Bassett received a master of mechanical engineering degree from the University of Melbourne in 1927. Bassett received the university's Kernot Memorial Medal in 1948. Bassett also helped to establish aeronautical engineering degree courses in Sydney and helped establish the Aeronautical Research Laboratories at Melbourne in 1949. In 1958 he was appointed to the interim council of the Monash University, which was then under construction. He sat on its building committee and was much involved in its planning.
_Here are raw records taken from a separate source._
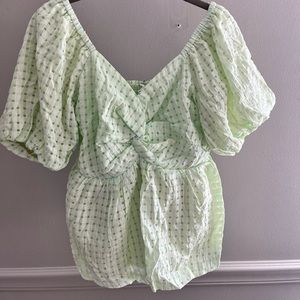 Fabulous Time Gingham Babydoll Top
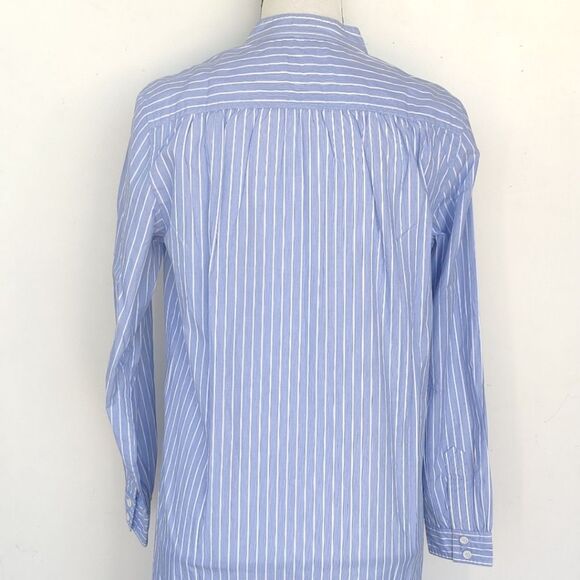 Entireworld Blue White Stripe Shirt Dress Size Small Long Sleeves - Picture 7 of 9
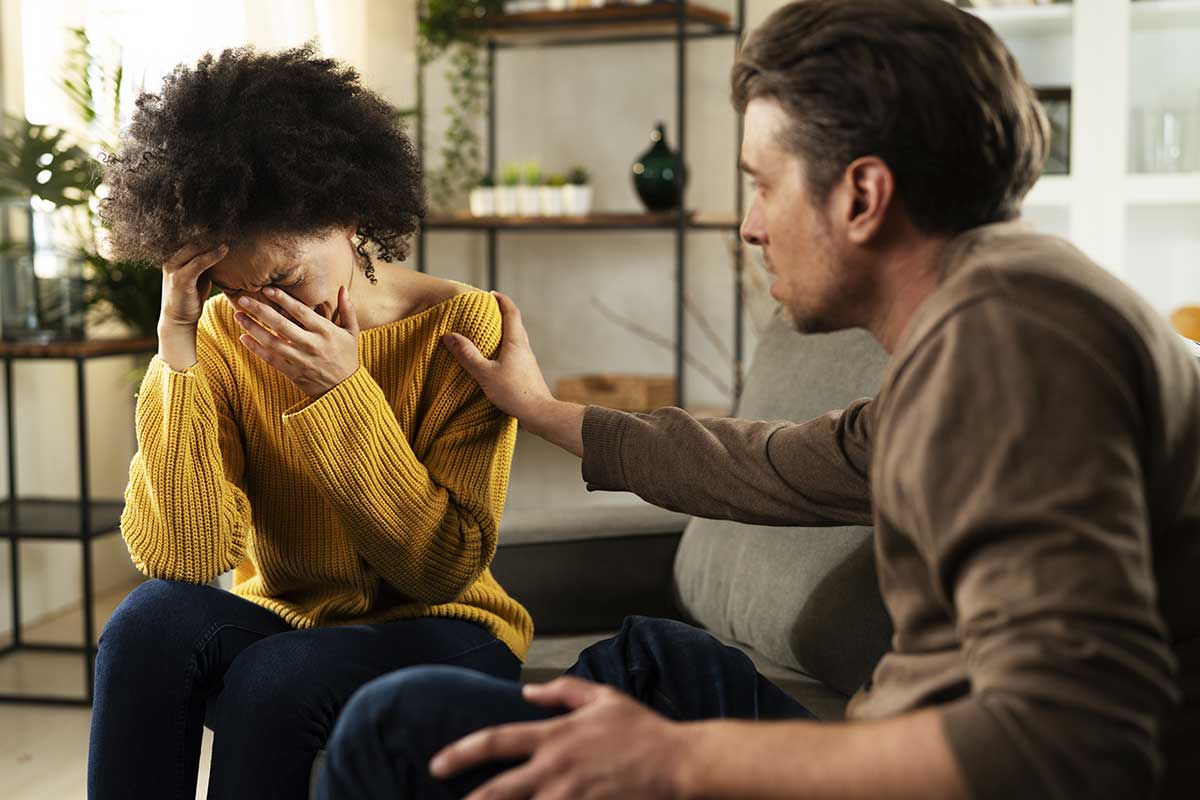 a couple struggles with addict behavior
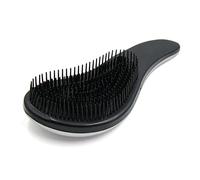 Ruilogod Silver Tone Plastic Magic Salon Styling Hair Care Massage Brush Anti Tangle Noeud Comb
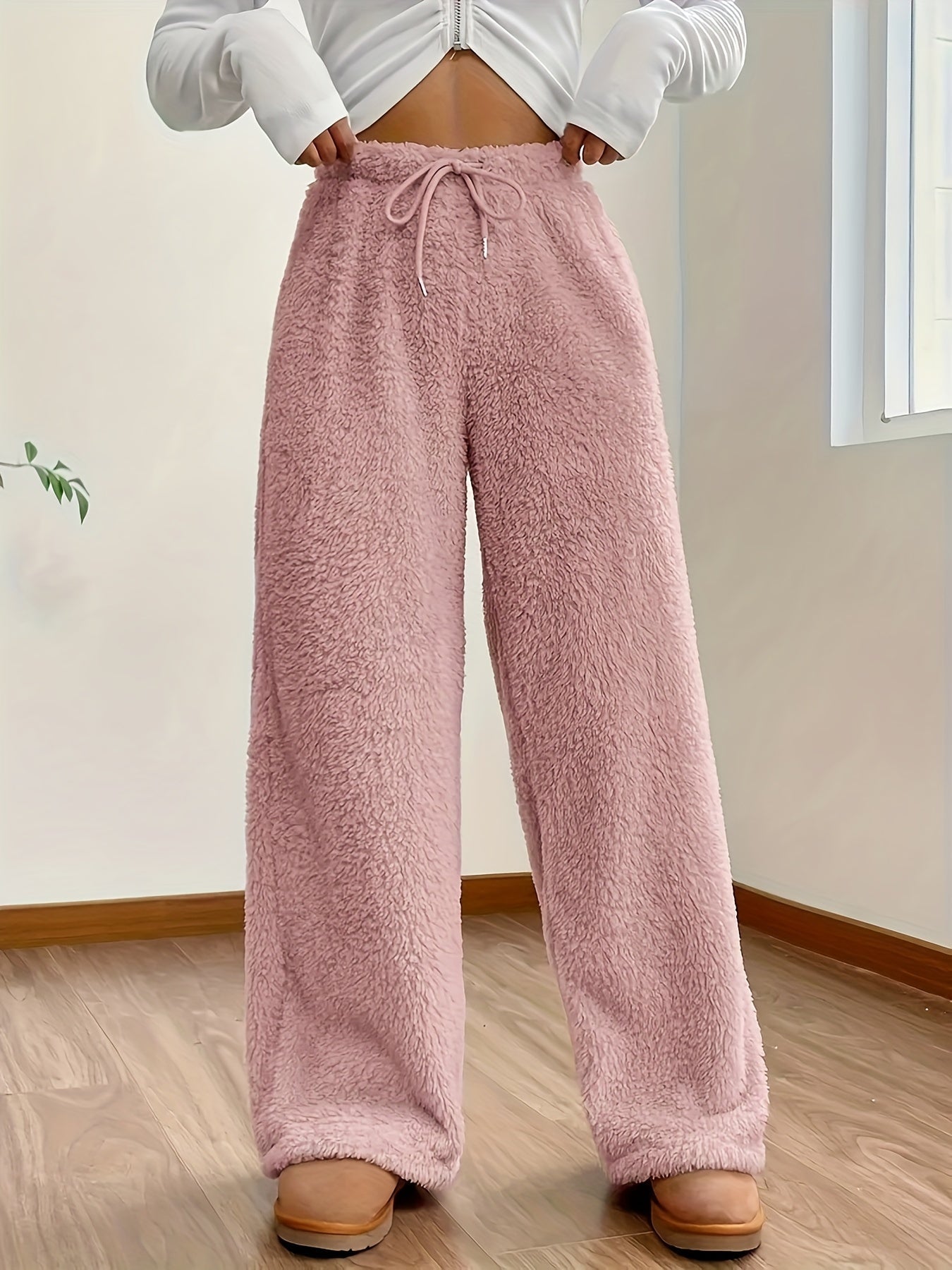 Emilia | Hochtaillierte Velours-Hose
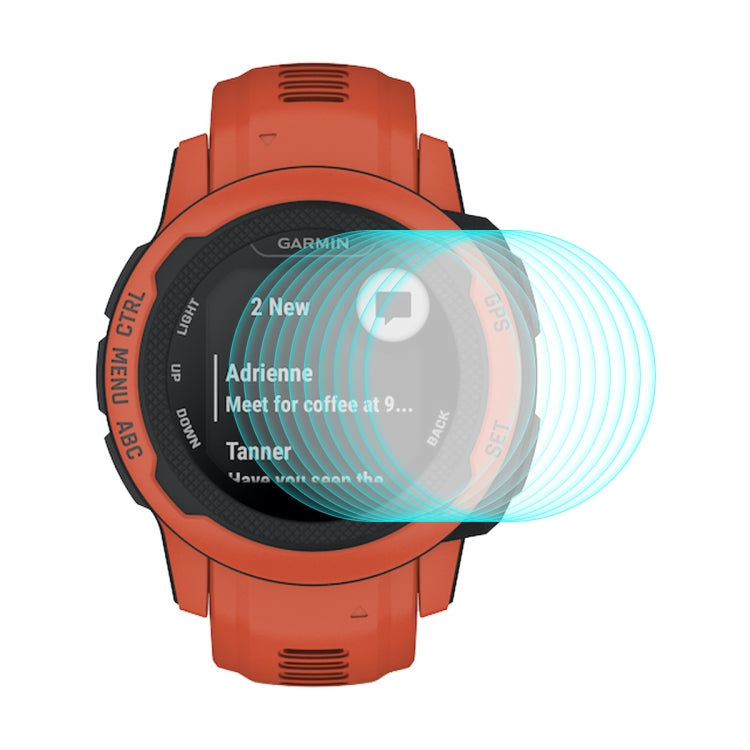 Tempered glass screen protector for orange Garmin smartwatch, multi-layer protection effect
Bassett was a member of its first formal council and served as an engineering lecturer until 1973. Bassett received an honorary doctorate in engineering from the university in 1970 and, one in laws from the University of Melbourne in 1974.

== Engineering practice ==
During his early academic career Bassett maintained a private engineering practice which was consulted on heating and ventilation matters by architects of prestigious buildings such as the chapter house at St Paul's Cathedral, Melbourne, the Frankston Orthopaedic Hospital, the Melbourne Town Hall and the Williamstown Town Hall. Bassett established a full-time engineering firm with two staff in 1928, establishing W. E. Bassett & Partners, though he also remained a member of the university faculty until 1957. He maintained a focus on heating and ventilation services, providing design and supervision for systems in numerous hospitals, offices and G.J. Coles stores. He pioneered designs such as a carbon dioxide–based air conditioning system used at the Bank of New South Wales headquarters in Melbourne and installed the first centrifugal air conditioning systems in Australia at Parliament House, Adelaide, and The Courier-Mail offices in Brisbane. By 1939 he had expanded with offices in New South Wales.

During the Second World War Bassett served as chairman of the Australian Army's Mechanisation Board and as a member of the Commonwealth Advisory Committee for Aeronautics. His firm carried out works for the government, installing equipment at aircraft production facilities, munitions facilities and military hospitals. He also installed six low-pressure chambers for training Royal Australian Air Force personnel in high-altitude operations and assisted in the installation of a penicillin fermentation plant for the Commonwealth Serum Laboratories. In 1942 he served as president of the Institution of Engineers Australia (IEAust), of which he had been a founding member in 1919.

Bassett's firm prospered in the post-war recovery, carrying out works in rural hospitals and newly built factories, including for Holden and the Queensland sugar industry. From 1951 to 1975 he was a member of the government-owned Gas and Fuel Corporation of Victoria. In 1958 Bassett received the Peter Nicol Russell Memorial Medal from the IEAust. He was appointed a Knight Commander of the Order of the Bath in the 1959 Birthday Honours for public services. By 1971 Bassett's engineering practice employed 250 people in nine offices and had three associate companies overseas. Bassett retired in 1971 but continued to provide advice on a consultancy basis until his death.

== Other interests ==
Bassett was a director of Renison from 1958 to 1968 and of the Mount Lyell Mining and Railway Company from 1969 to 1974. He was also director of Colonial Mutual and several fertiliser companies.

In 1963 he was elected president of the Melbourne Club.
In 1973 he was appointed an honorary member of the Australasian Institute of Mining and Metallurgy and was the founding president of the Copper Producers' Association of Australia. He was also a trustee and member of the finance committee of the Melbourne Museum of Applied Science and an honorary consultant to and member of the finance committee at the Parkes Observatory. In his spare time he enjoyed sailing, fishing, golf and woodwork.

Bassett died at Toorak on 8 March 1978 and was cremated. The main lecture theatre at the engineering school at Monash University is named in Bassett's honour. W. E. Bassett and Partners was bought by AECOM in 2004.